Le programme n’est pas récent et il opère ainsi depuis le début de l’année. Personne ne l’avait découvert avant l’enquête menée par les chercheurs en sécurité de Lookout et aucun correctif n’a été déployé pour le moment.

Android O Trebble

D’après le rapport publié par les chercheurs responsables de la découverte, SonicSpy aurait été développé en Irak par les hackers à l’origine de SpyNote, un autre outil malveillant découvert l’année dernière.

SonicSpy, un nouveau malware sur Android

Extrêmement nocif, le programme tient davantage de la trousse à outils malveillante et il permet ainsi à des hackers d’accéder aux données présentes sur les terminaux infectés, mais également de prendre des photos, d’envoyer des messages texte, de récupérer une copie des appels vocaux ou même de surveiller les connexions entrantes et sortantes des points d’accès.

En tout, le spyware embarquerait plus de soixante-dix fonctions différentes.

SonicSpy a été découvert dans plusieurs applications, et notamment dans l’outil de messagerie Soniac. Les chercheurs sont inquiets, d’autant que cet outil a été téléchargé plusieurs centaines de fois depuis son lancement. Il a aussi été détecté dans Hulk Messenger et Troy Chat, mais aussi dans plusieurs outils distribués en dehors de la voie habituelle sous forme de simples fichiers APK.

Lookout appelle à la prudence

Lookout appelle les utilisateurs à la plus extrême des prudences et l’éditeur leur recommande notamment de ne pas télécharger des utilitaires en provenance de sources inconnues.

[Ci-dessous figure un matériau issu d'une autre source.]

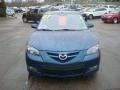 2007 Phantom Blue Mica Mazda MAZDA3 s Touring Sedan  photo #10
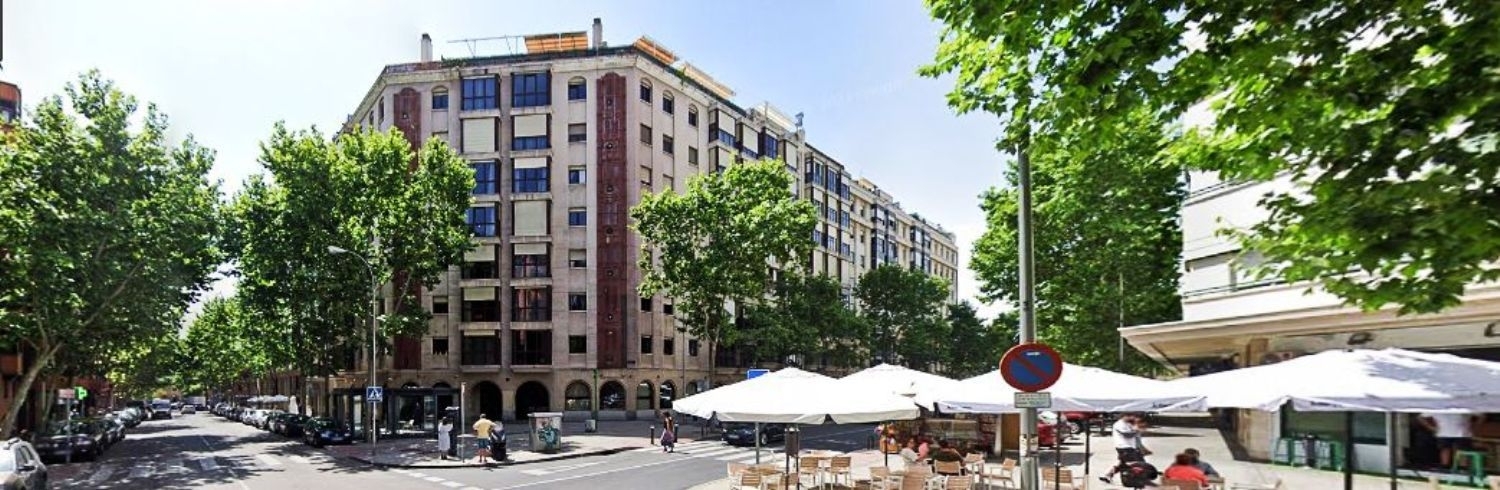 till salu lokal Retiro-Pacífico Madrid Capital 1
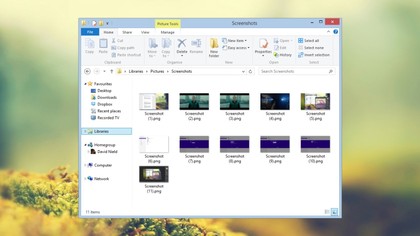 10 hidden features in Windows 8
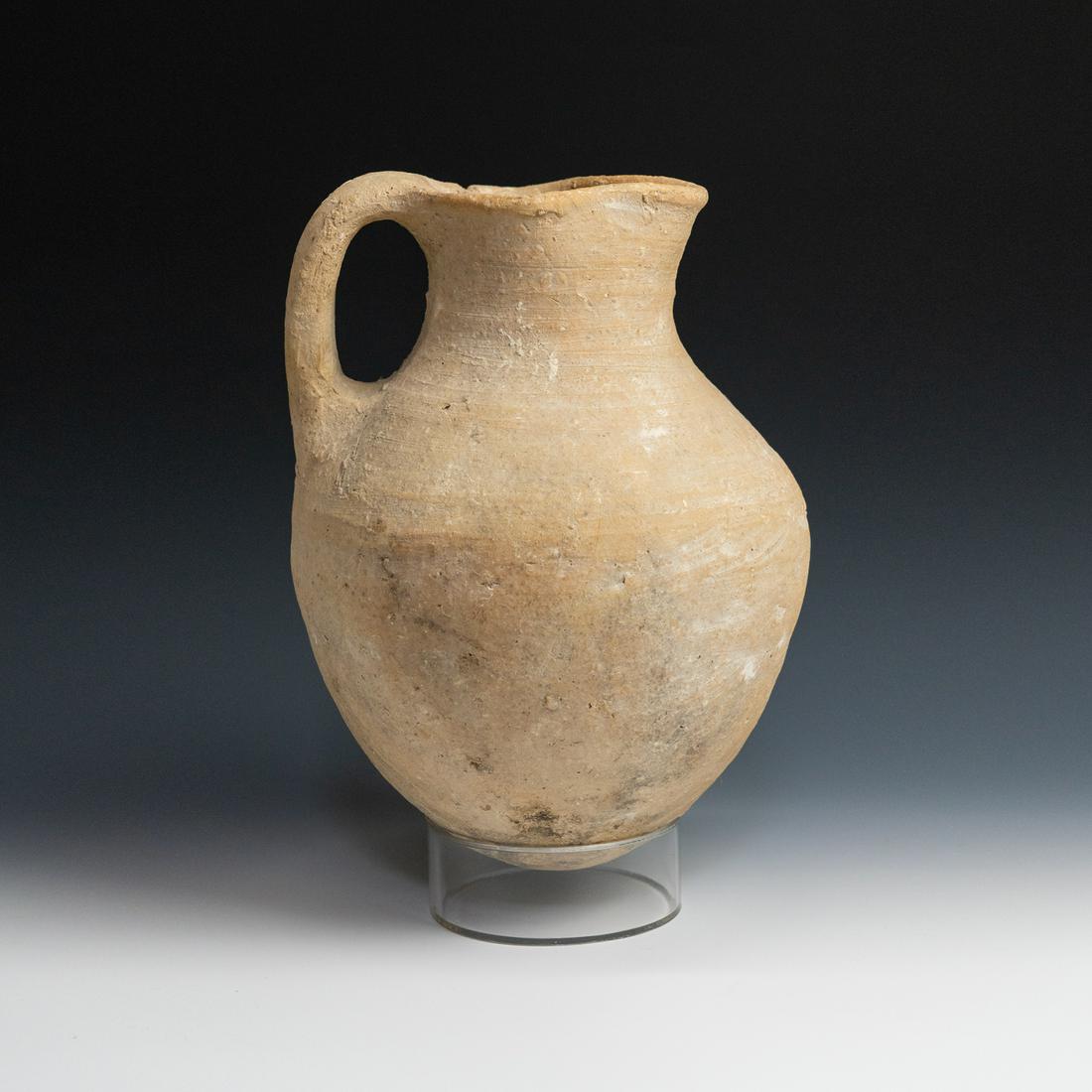 Bronze Age Canaanite Pitcher Jug (1 of 12)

Sans surprise, il conseille également de tenir son terminal à jour et d’installer un antivirus dessus pour se protéger contre toutes les menaces rôdant sur le web mobile.

Les chercheurs ont bien évidemment envoyé une copie des résultats de leurs recherches à Google. La firme a supprimé la plupart des outils incriminés connus, mais ce n’est évidemment pas une raison pour télécharger n’importe quoi puisqu’elle ne peut malheureusement pas garantir la sécurité des applications distribuées par le biais de sa propre boutique.